Yani, ister özelde, ister kamuda olsun, tasarruf önemli bir araçtır. Ekonominin vazgeçilmez araçlarındandır.
Günümüzde çocukluğumuzun hatıraları olan kumbaralar tarih oldu.
Artık, kumbara deyimi başka amaçlar çağrıştırıyor.
Önce, itibardan tasarruf olamayacağı söylendi.
Sonra ailelerde tasarruf kavramı yok oldu.
Eskiyen koltuklar değiştiriliyor, elektronik aletlerin yenileri alınıp eskileri kapıya bırakılıyor.
Öte yandan, yoksul çocuklarımız eba’dan yararlanabilmeleri için gerekli olan televizyonlara ve bilgisayarlara ulaşamıyorlar.
Aileler, bu durumdan fazlasıyla muzdaripler.
Ahalimizin tasarruf yapacak gücü de kalmadı ama, hali vakti yerinde olanlar tasarruf etmeyi pek sevmiyorlar.
Çocukları da sevmiyor olmalılar ki, karınlarını annelerinin pişirdikleri ev yemekleri yerine, dışarıda yemeyi tercih ediyorlar.
Bu tür aileler, çocuklarının keyiflerine uyarak, onlar da dışarıda yemeği tercih ediyorlar.
Artık, tencerelerin de fonksiyonları ortadan kalkmak üzere.
CHP’nin ekonomi kurmaylarından İstanbul Milletvekili İlhan Kesici'nin ifadesine göre gelişmiş Avrupa ülkelerinden Almanya’da kiralık araç sayısı 8 bin, japonya’da 9 bin iken bizde 158 binlere ulaşıyormuş.
Sadece makam sahiplerine değil, onların muhterem eşleri için de araçlar kiralanıyormuş.
Bazı gelişmiş ülkeler tarafından neden kıskanıldığımızı daha iyi anlıyoruz.
Hırsızlık ve yolsuzluk paralarının paylaşıldığı durumlara rüşvet kumbarası deniliyor.

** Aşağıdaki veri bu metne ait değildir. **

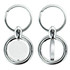 A keyring featuring a sleek, silver design with two interlocking circular rings and a central, flat section.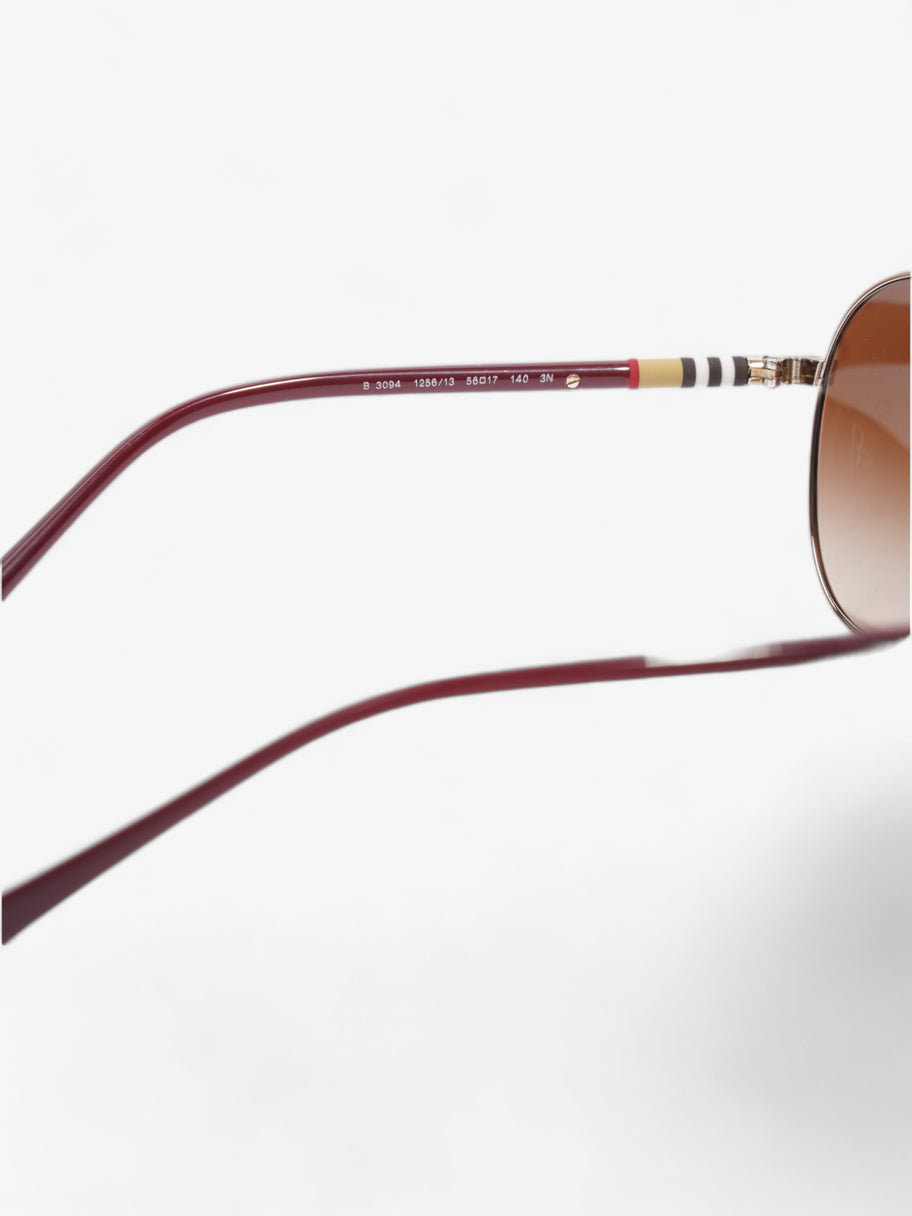 Round Eye Sunglasses Light Gold / Maroon Acetate 140 Image 6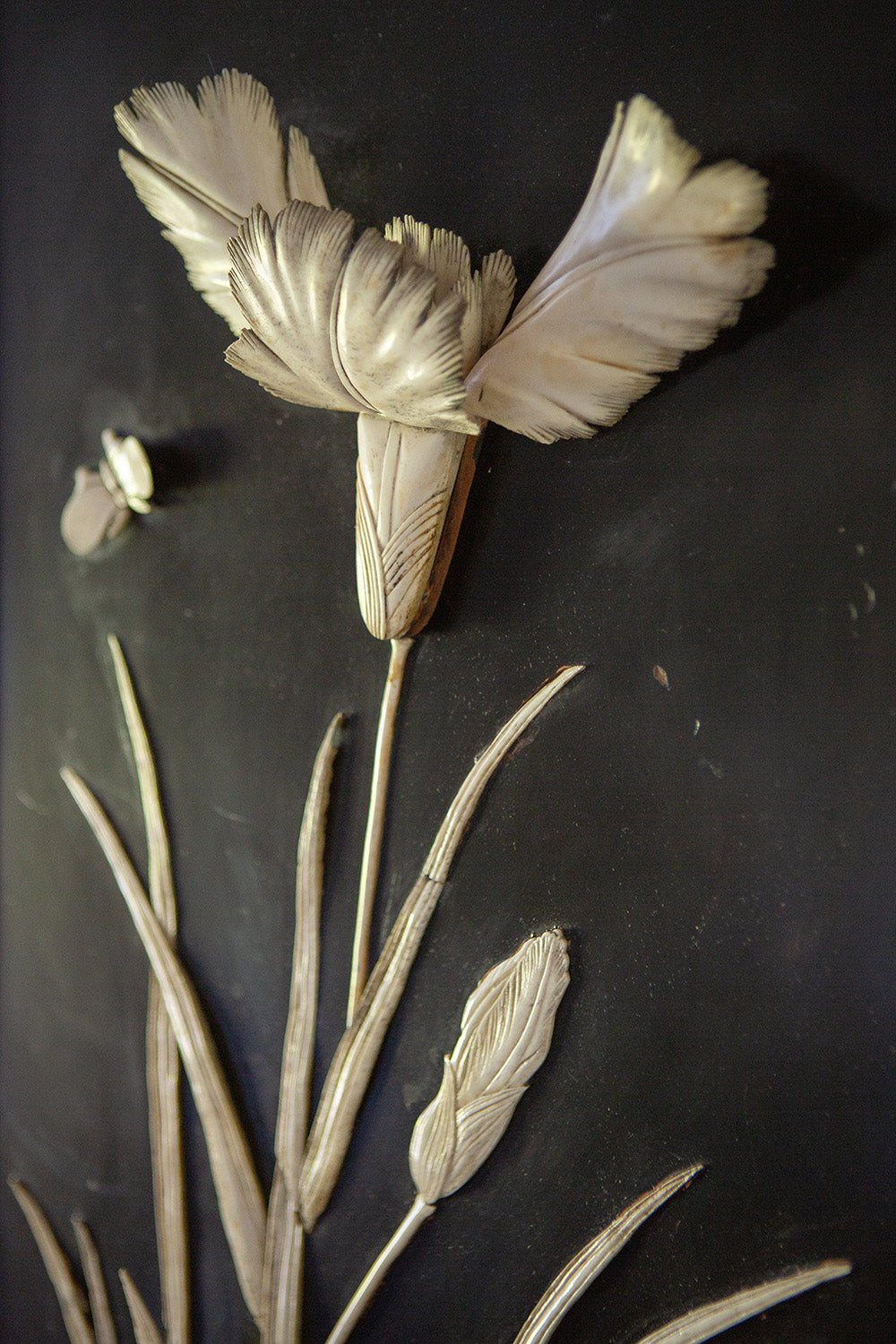 Japanes Bone Inlaid Lacquered Iris Panel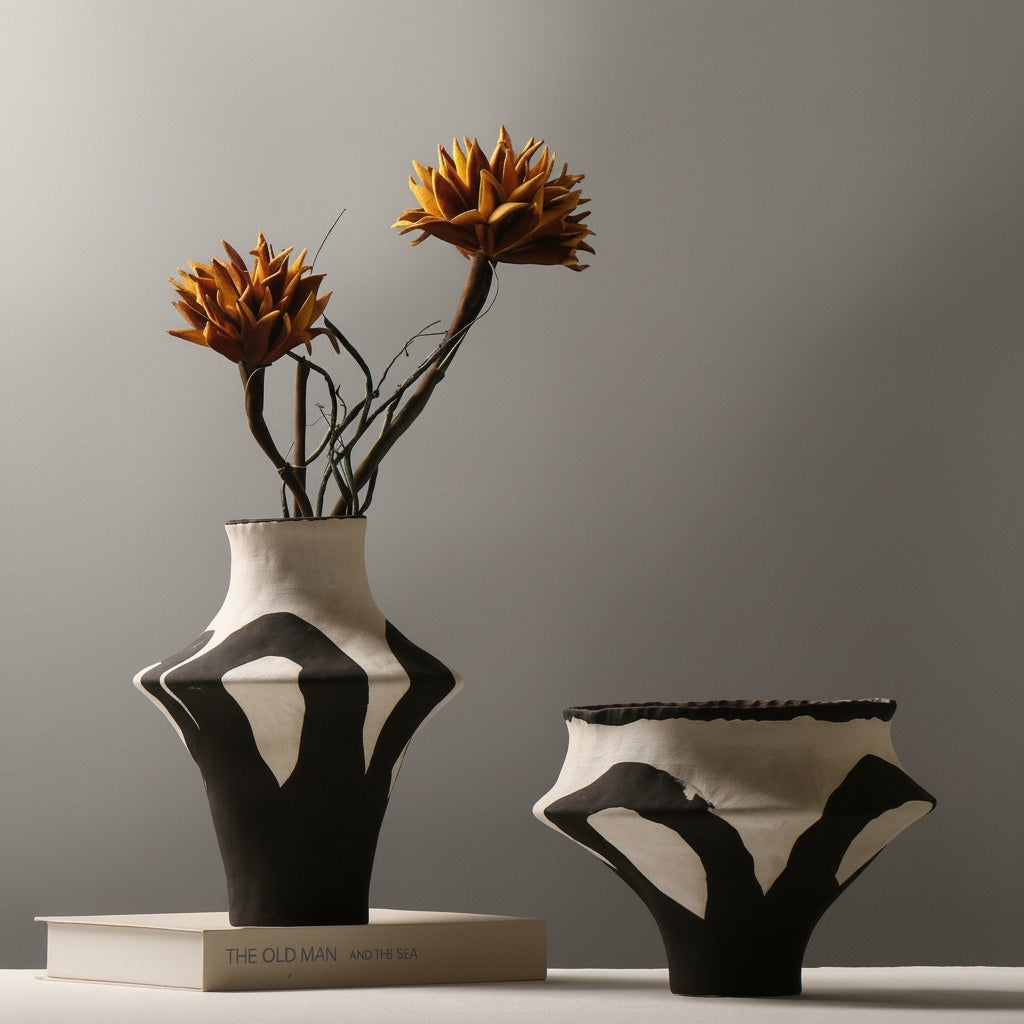 Black and White Ceramic Sculptural Vase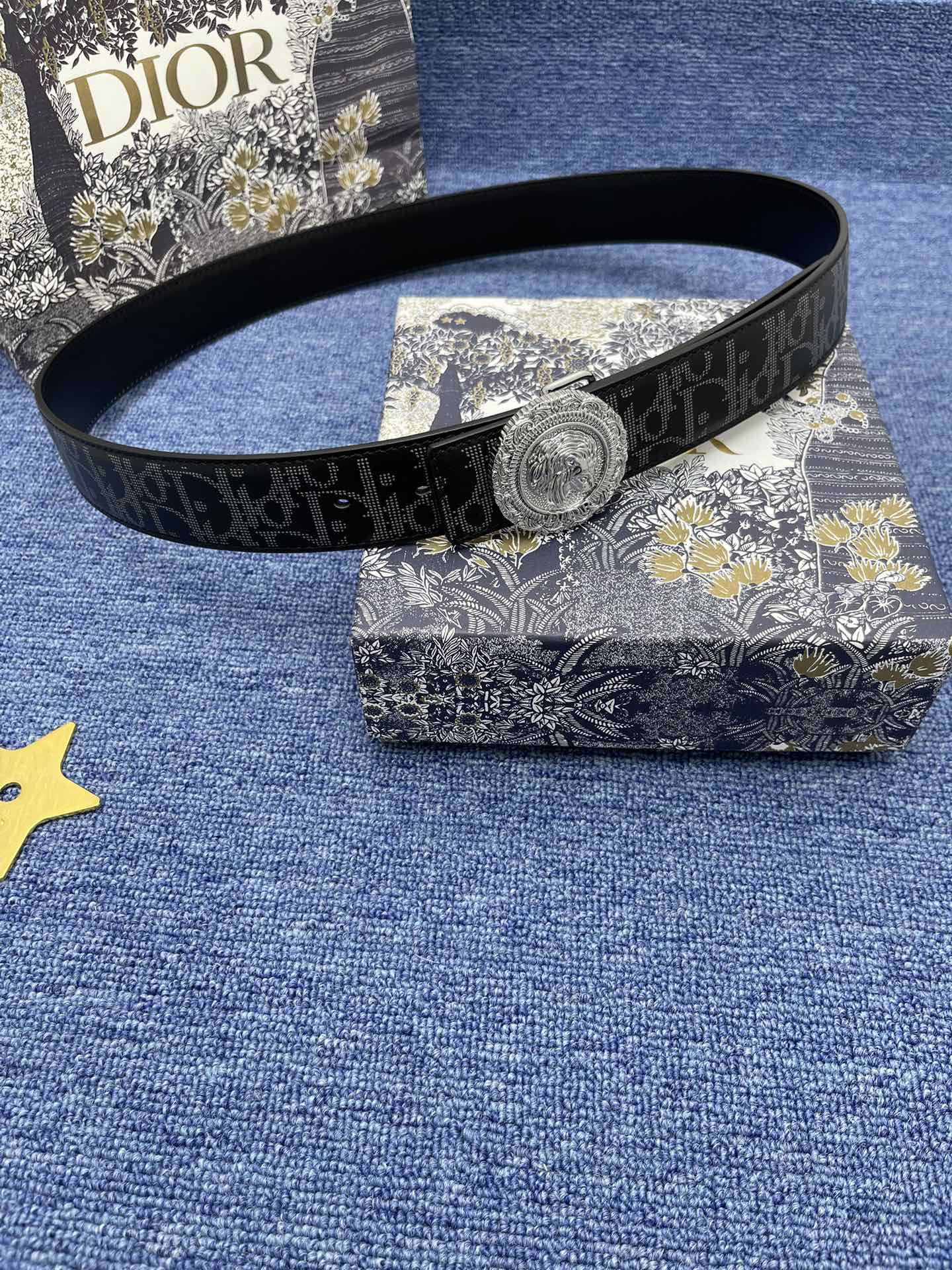 Dior Male Basic Belt Cow Leather Black Adjustable S-m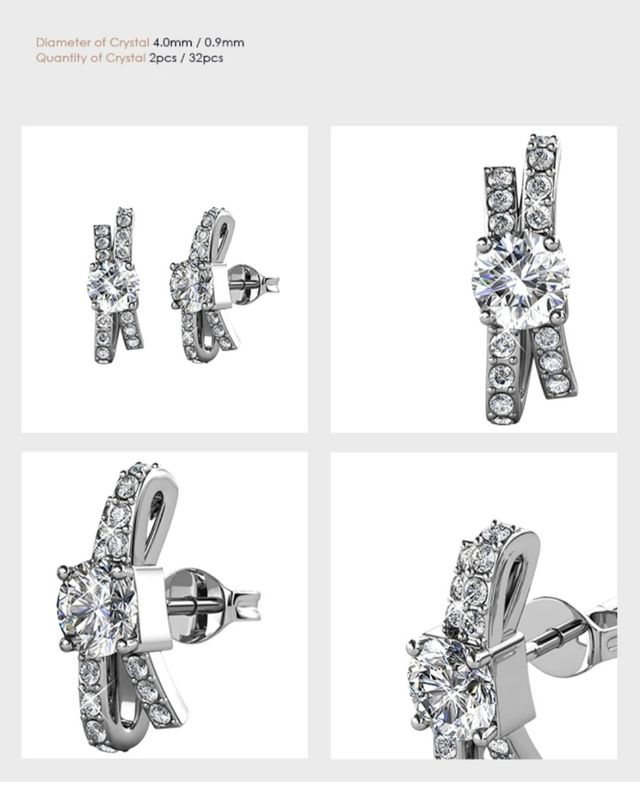 Pendientes ORO Y CRISTAL SWAROVSKI. REGALO NAVIDAD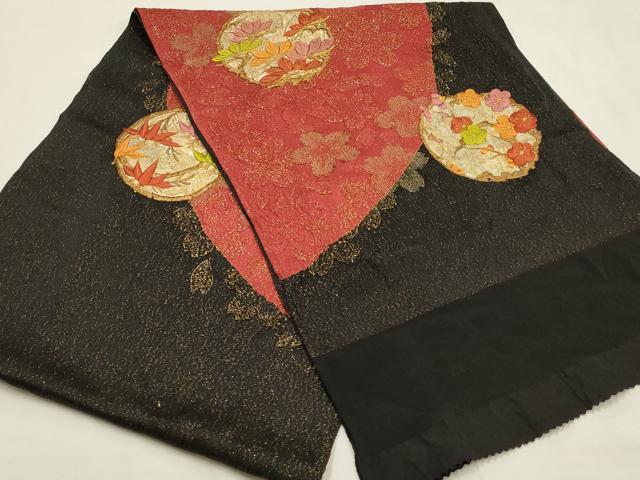 平和屋本店●和装小物 帯締め・帯揚げセット 振袖用 刺繍 花丸文 金銀糸 金通し地 正絹 逸品 未使用品あり AABF9934ay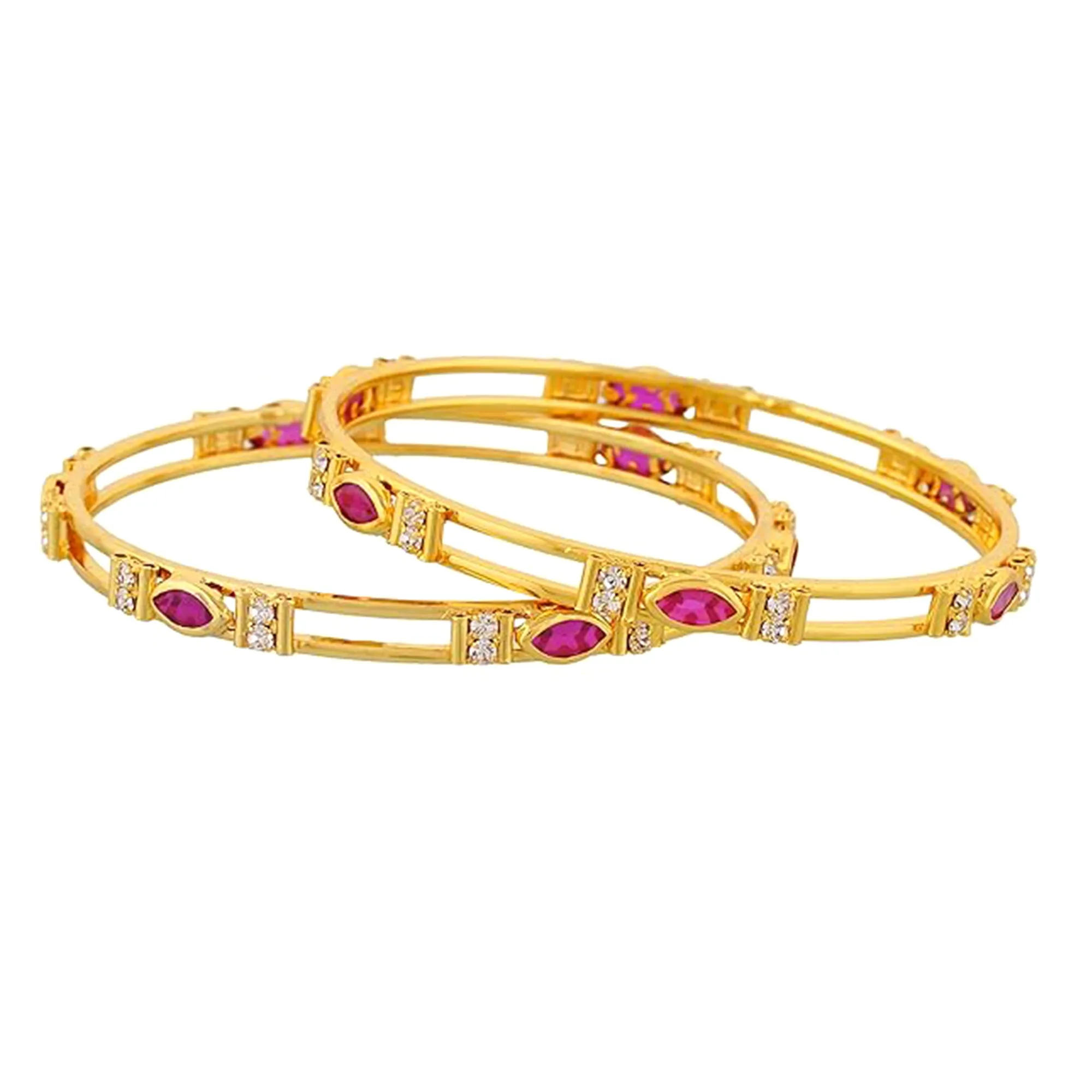 Estele Women??s Gold Plated Bangle ?C Size 2.6 ?C Elegant CZ Ruby Stone ?C Lightweight Ethnic Jewelry ?C OSBR-VK11412RDWE-26 BANGLE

Daha çok, kamudaki yolsuzlukları ifade için kullanılır. İhaleler ve yüklü işler, bu kumbaraya para atan kişiler açısından önemli bir sınavmış.
Para atmayanlar, bu tür işlerin yanına yaklaştırılmaz meselâ.
Bir ara gümrükler, en çok rüşvetin döndüğü kurumlar olarak görülürdü. MHP’nin iktidar ortağı olduğu hükümetlerde Gümrük ve Tekel Bakanlığına getirilen rahmetli Gün Sazak, gümrüklerdeki rüşvet olaylarının kökünü kazıdı. Ancak, bu haysiyetli hassasiyeti O’nun hayatına mal oldu. Evine giderken şerefsiz bir elin tuttuğu tabancadan çıkan kurşunlarla öldürüldü. Bugün saygı ile, rahmetle anılan bakanlar arasında Gün Sazak ismi elbette unutulmuyor.
Bir de kaleciler için uydurulmuş bir sıfattır kumbara. Çok gol yiyen kalecilere “kumbara lâkabı takılırdı. “Adam, geleni kabul ediyor. Kumbara gibi” söylemlerle aşağılanırlardı. Bu kaleciler arasında Kumbara falanca diye anılan isimler de olmuştu.